Welcome to the Computer Vision Group at RWTH Aachen University!

The Computer Vision group has been established at RWTH Aachen University in context with the Cluster of Excellence "UMIC - Ultra High-Speed Mobile Information and Communication" and is associated with the Chair Computer Sciences 8 - Computer Graphics, Computer Vision, and Multimedia. The group focuses on computer vision applications for mobile devices and robotic or automotive platforms. Our main research areas are visual object recognition, tracking, self-localization, 3D reconstruction, and in particular combinations between those topics.

We offer lectures and seminars about computer vision and machine learning.

You can browse through all our publications and the projects we are working on.


We have one paper accepted at the Workshop on Towards Human-Centric Image/Video Synthesis, IEEE Conference on Computer Vision and Pattern Recognition (CVPRW'20)

April 21, 2020


We have three papers accepted at the IEEE Conference on Computer Vision and Pattern Recognition (CVPR) 2020:

Feb. 24, 2020


We have three accepted papers at the International Conference on Robotics and Automation (ICRA) 2020:

Jan. 31, 2020


We have one paper accepted at the IEEE International Conference on Automatic Face and Gesture Recognition (FG) 2020:

Jan. 25, 2020


We have one paper accepted at the IEEE Winter Conference on Applications in Computer Vision (WACV) 2020:

Dec. 10, 2019

We won the 2019 YouTube-VIS Challenge on Video Instance Segmentation

Our short paper has the details.

Sept. 30, 2019

Recent Publications

3D-MPA: Multi Proposal Aggregation for 3D Semantic Instance Segmentation

IEEE Conference on Computer Vision and Pattern Recognition (CVPR) 2020

We present 3D-MPA, a method for instance segmentation on 3D point clouds. Given an input point cloud, we propose an object-centric approach where each point votes for its object center. We sample object proposals from the predicted object centers. Then we learn proposal features from grouped point features that voted for the same object center.

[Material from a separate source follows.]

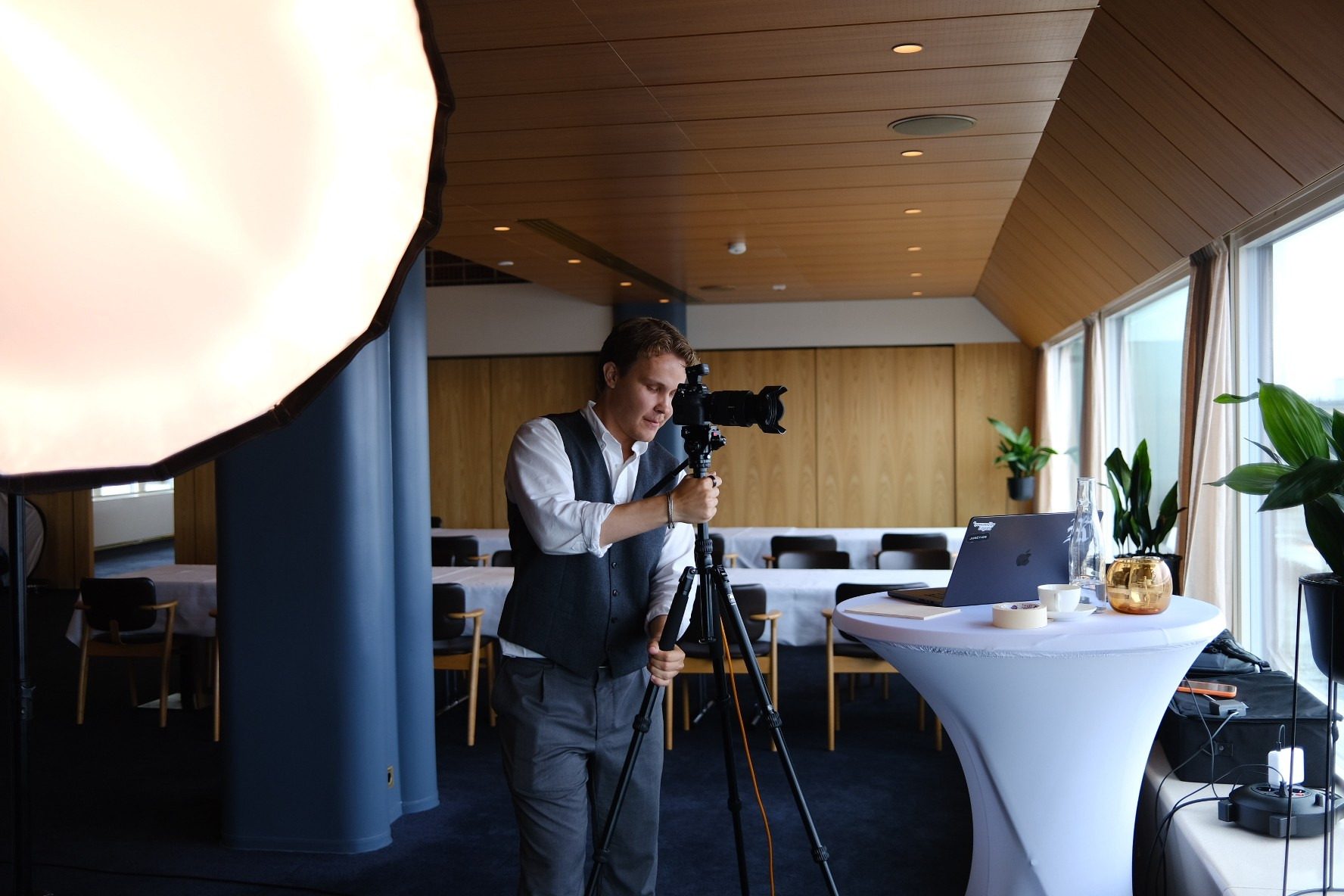 Lucas Ekblad framing a shot through the camera on a tripod, next to a high table with a laptop.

A graph convolutional network introduces inter-proposal relations, providing higher-level feature learning in addition to the lower-level point features. Each proposal comprises a semantic label, a set of associated points over which we define a foreground-background mask, an objectness score and aggregation features. Previous works usually perform non-maximum-suppression (NMS) over proposals to obtain the final object detections or semantic instances. However, NMS can discard potentially correct predictions. Instead, our approach keeps all proposals and groups them together based on the learned aggregation features. We show that grouping proposals improves over NMS and outperforms previous state-of-the-art methods on the tasks of 3D object detection and semantic instance segmentation on the ScanNetV2 benchmark and the S3DIS dataset.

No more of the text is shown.